Photovoltaic cell model parameter optimization using micro-charge field effect P systems

Abstract

Building a highly accurate model for photovoltaic (PV) cells based on actual sampled data is essential for the simulation, optimization, evaluation, and control of photovoltaic power generation systems. But finding globally optimal model parameters, which give the best fit to experimental data, is a great challenge. In this paper, a new optimization algorithm, called the micro-charge field effect P systems optimization algorithm (MFE-POA) is proposed. Though the analysis of the interaction among ionic substances inside a living cell membrane and considering the algorithm’s dual needs of exploration and convergence accuracy, combined with the law of interaction between charges, we designed a novel micro-charge interaction rule based on distance, force characteristics, spatial location, and percentage of search completion, and embedded it into our existing P systems optimization algorithm (POA).
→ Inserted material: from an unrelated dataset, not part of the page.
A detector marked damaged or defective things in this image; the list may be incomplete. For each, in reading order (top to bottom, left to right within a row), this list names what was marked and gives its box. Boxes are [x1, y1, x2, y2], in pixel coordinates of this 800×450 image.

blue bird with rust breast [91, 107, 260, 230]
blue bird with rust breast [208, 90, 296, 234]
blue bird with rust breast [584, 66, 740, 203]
Numerical studies and results analysis on some benchmark test functions demonstrate that MFE-POA can produce solutions of high quality and has great stability. The proposed method is applied to the model parameter estimation of the two types of PV cell models and multi-cell PV modules in different environmental conditions. The experimental results clearly argue the effectiveness of our proposed MFE-POA. Comparisons with other methods are presented and the results show that the proposed optimization algorithm is helpful and worth great promoting for parameter estimation in renewable energy modeling and prediction.